The latter is essential. We are a comprehensive university for a reason. We have all the assets we need to play a critical, agenda-setting and reflective role as an independent knowledge and educational institution in an increasingly complex society. The breadth of our expertise is not just a historically rooted fact, it is needed. From this breadth and combination emerge perspectives that take different approaches to scientific and societal issues.

To make better use of our tremendous breadth, we need to start removing obstacles to cooperation. This applies to research but also especially to education. Students should be able to benefit from the wide range of expertise we have - and many are keen to do so. Researchers should be able to benefit from the proximity of all these other fields of expertise on a single square kilometre: nowhere else in the Netherlands are so many options available so close together. In the coming years, we will highlight five themes on which our researchers collaborate from an interdisciplinary perspective, and for which they are rightly world-renowned.

The functioning of the brain is a purely scientific area of inquiry and at the same time a gateway to diverse applications through better understanding of disease, behaviour and social interaction.
The foundations of space and matter bring reflection on the properties of matter together with infinite questions regarding materials science, the foundation for exact, technical, and societal applications.
Values-driven AI and digitisation considers the human, societal and ecological sides of AI, with all the critical and hopeful aspects that threaten and protect our freedom.
Sustainable health aims to contribute to a healthy society with a focus on prevention and resilience.
Inequality and emancipation connects researchers who focus on what is needed to create a society with equal opportunities for all. 
Numerous other themes are under development that we want to nurture as hotspots, including sustainable landscape.

Our square kilometre among greenery is a beautiful campus that connects us as a community: we want to strengthen it further to foster dialogue, community and collaboration. We aim to create more student housing because it is important for the community, especially for international students who we also welcome and need. A campus where everyone enjoys spending time.

From our campus, we want to inspire and strengthen the region around us, seeking more contact with governments, organisations and companies where our students can engage in instructive and relevant projects, and that welcome collaboration with researchers eager to help address societal problems.

And we want to make our university organisation more resilient and agile, flexible and robust, to avoid becoming the hapless victim of the demographic, financial and bureaucratic waves that will continue to sweep over us.

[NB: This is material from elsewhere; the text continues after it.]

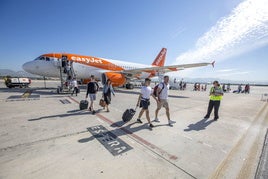 Pasajeros de un vuelo con EasyJet, en una imagen de archivo.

So that we can stand as proud and confident as our founders did a century ago.

This is how our mission and core values are directly linked to today's strategic choices. Our university is an ecosystem of relationships and ideas, connected to the world around us. It offers integral education and aims to be accessible to all; knowledge development should benefit everyone. Respectful debate is essential, and polarising exclusion is utterly unacceptable. Sustainable knowledge and sustainable solutions only emerge from an open and integral orientation towards multiple perspectives and interests, at regional and international level. All backgrounds, beliefs and disciplines are needed if we want to learn from each other. Because our single most important impact comes from all the students we are privileged to educate to become connecting, innovative and responsible people who will build tomorrow's society; a society we as yet know nothing about.

What a mission. A mission that we are glad to take on, as a community of worth and values.